The I love yous and the reminder to come find me if they need me in the night.
  Now to get Chase Leo to bed. Feed him some fruit and get him a bottle. Go and sit in his room. with the night light on, along with the humiderfier and sit in the rocking chair he drinks about half and starts to wriggle. wants to get down. It's 10:15 and he wants to play. I don't want to play I want him to go to bed so I can write. Finally I put him down and say Fine Chase Leo. Out we go to the family room and I turn the computer on pull up my page and start to write. If he wants to be awake then he can just be awake while I write. eventually he starts to lie his head on the floor. So in his room we go again. We are sitting there in the rocking chair and I am singing to him. he has his blanket and his paci all should be well. When he starts to pull my glasses off. and play with my face, my hair, my necklace. I think to myself I should be cherishing these moments he is going to be one next week and is changing so much. Why can't I just enjoy it? I know why, because I have had a crazy day. I am tired I want some time to myself. just go to sleep. I do some Reiki on him and he starts to settle down and drift off to sleep. give him kisses. and back out to write. Cats are milling around and constantly under my feet wanting to be fed. feed cats grab the chocolate sit down to write and not 3 minutes go by do I hear the cat starting to throw up in the kitchen. Really?!!

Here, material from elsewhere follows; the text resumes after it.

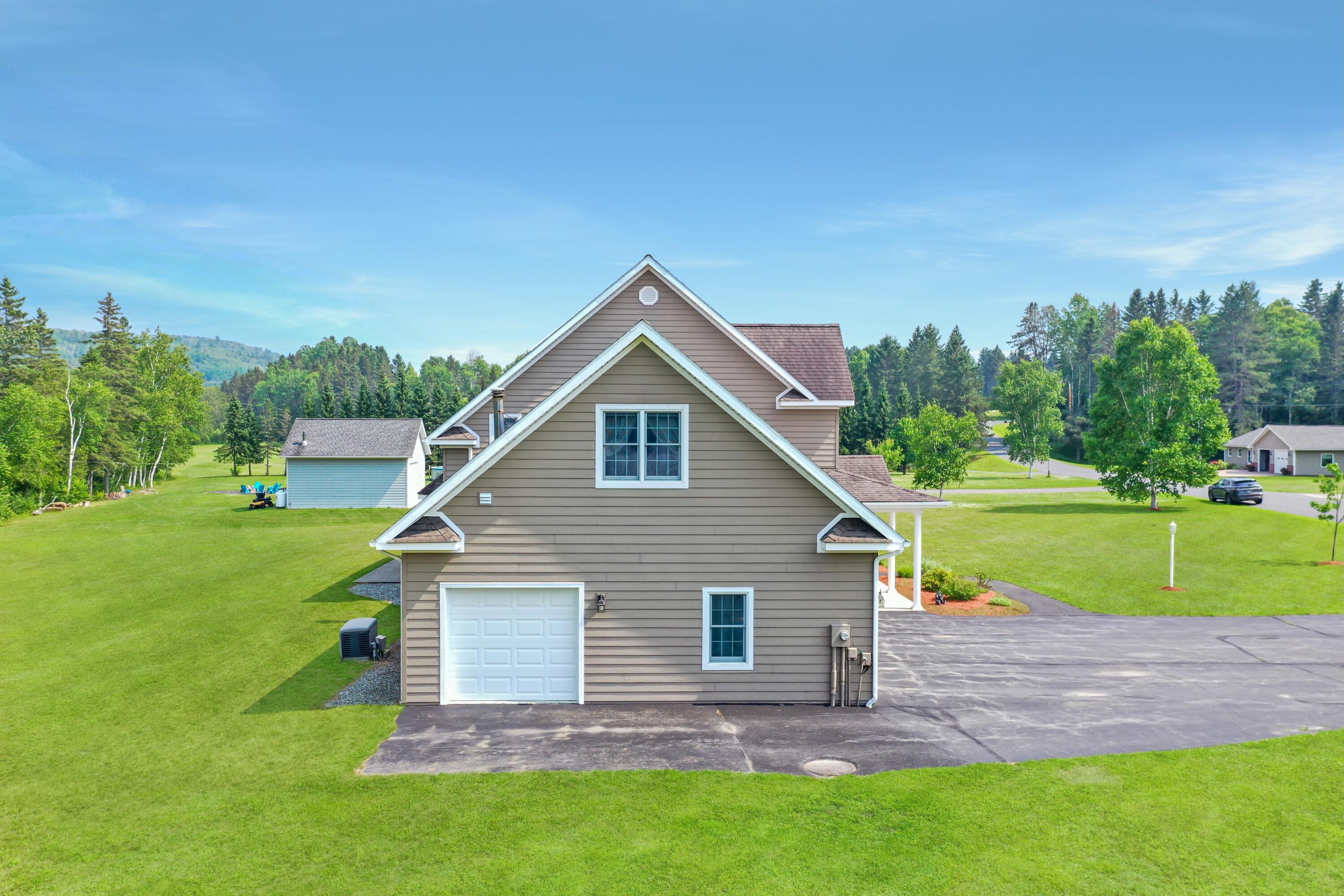 120 Bradbury Road Fort Kent, ME 04743 - Photo 9 of 102 DJI_0676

   So there you have it my day. I am tired, sore, worn beyond worn, and I don't want to go to bed. Yes, I want this day to end. However it feel like When I wake up in the morning the crazy starts all over again. The anxiety, the boredom, the cranky, the whining, the needing, the wanting, the mess, the toys, the cleaning, on and on it goes all the time. Tonight I don't know what to say about being positive and seeing the whole picture. Tonight I just feel over done. I don't know what there is to look forward too. I don't have any plans for tomorrow. I know that it is Saturday. A day that 2 years ago would have been a "family" day. Pete would be home from work, we would all be together. I want it back, but it's not coming back. So, I can hope for a better nights sleep, for no anxiety in the morning, and for a better "Nicer Mommy" day. A day where I am not yelling, And a day where I get an email or phone call that says' " hey I found that loving home you wanted for your cats, they are coming to get them tomorrow."  I will be sad, but happy that they will have a better happier environment. An environment like they used to have. On the bright side. My kids are healthy, clothed, fed, and know how to laugh a lot.  Maybe, just maybe, I might be doing something right after all.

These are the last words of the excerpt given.